Doles Dickens (January 18, 1916 - May 2, 1972) was an American jazz and R&B musician, bandleader, arranger and songwriter who was active in New York from the 1930s to the 1960s.

==Biography==
He was born in North Carolina, moving to Passaic, New Jersey with his family as a child. He played bass in bands led by Eddie Durham and Buster Smith in the late 1930s, before making his recording debut in 1940 as bass player with the Eddie South Orchestra. He left South's band in 1943 to join a vocal group, the Four Toppers, who then changed their name to the Five Red Caps. The group reached the national pop charts with "I Learned A Lesson I'll Never Forget" in 1944, but Dickens soon left to join the Phil Moore Four as bass player, recording with them for the RCA label.

He formed the Doles Dickens Quartet with Herbie Scott (trumpet), Reuben Cole (piano), and Dickie Thompson (guitar), in New York City in 1946. They recorded for the Continental, Super Disc and Gotham record labels over the next three years, releasing a string of jump blues singles but with little commercial success. In mid 1949 Dickens began recording for Decca Records. By that time, his group had become a Quintet, comprising Dickens himself on bass, Louis Judge (tenor sax), Clarence Harmon (piano), Sam Hendricks (guitar), and Jimmy Crawford (drums), with vocalist Joe Gregory.
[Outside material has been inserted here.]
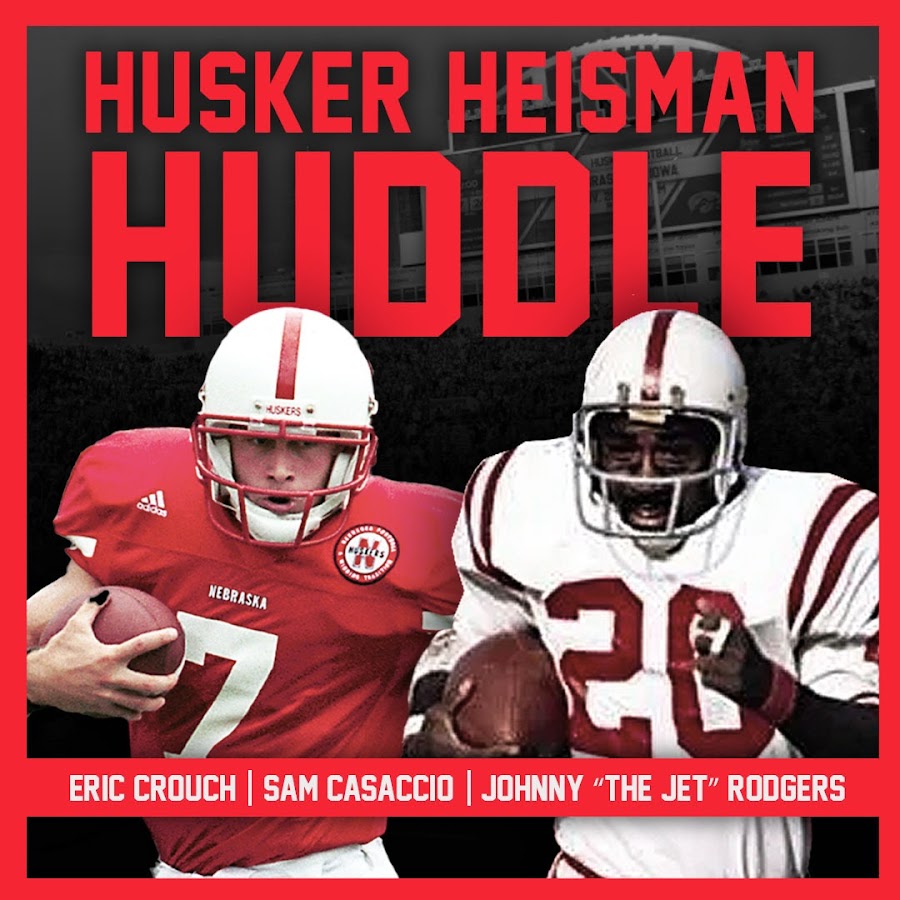 The Husker Heisman Huddle: Talking Blackshirts with Adam Carriker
One of his recordings was "a slightly speeded up, slightly smoothed out adaptation" of Wild Bill Moore's earlier record, "Rock and Roll". Dickens also made recordings as an accompanist to boogie woogie blues musician Piano Red.

Dickens and his Quintet continued to record for Decca until 1951, their recordings including "We're Gonna Rock This Morning" (1951). Dickens also undertook club performances as the leader of Doles Dickens and His Whispers; it is unclear whether the same musicians were in both groups. He maintained a career as a session musician in New York, appearing on records by Wilbert Harrison, Varetta Dillard, Jimmy Witherspoon, Piano Red, Mahalia Jackson, Bill Haley, LaVern Baker and others. His final recording under his own name was "Piakukaungcung", an instrumental on the Dot label in 1958, written by Lincoln Chase and described by Billboard as having "the sound of hysteria... [and] the quality of a jungle war dance."

Between 1957 and 1964, Dickens also served as arranger and musical director for The Mello-Harps. During the 1960s, he remained actively involved in music production and direction, writing and recording on Decca with Vernon Harrell and "Little Gigi" (Gloria Glenn), among others.

Dickens died in New Jersey on May 2, 1972, aged 56.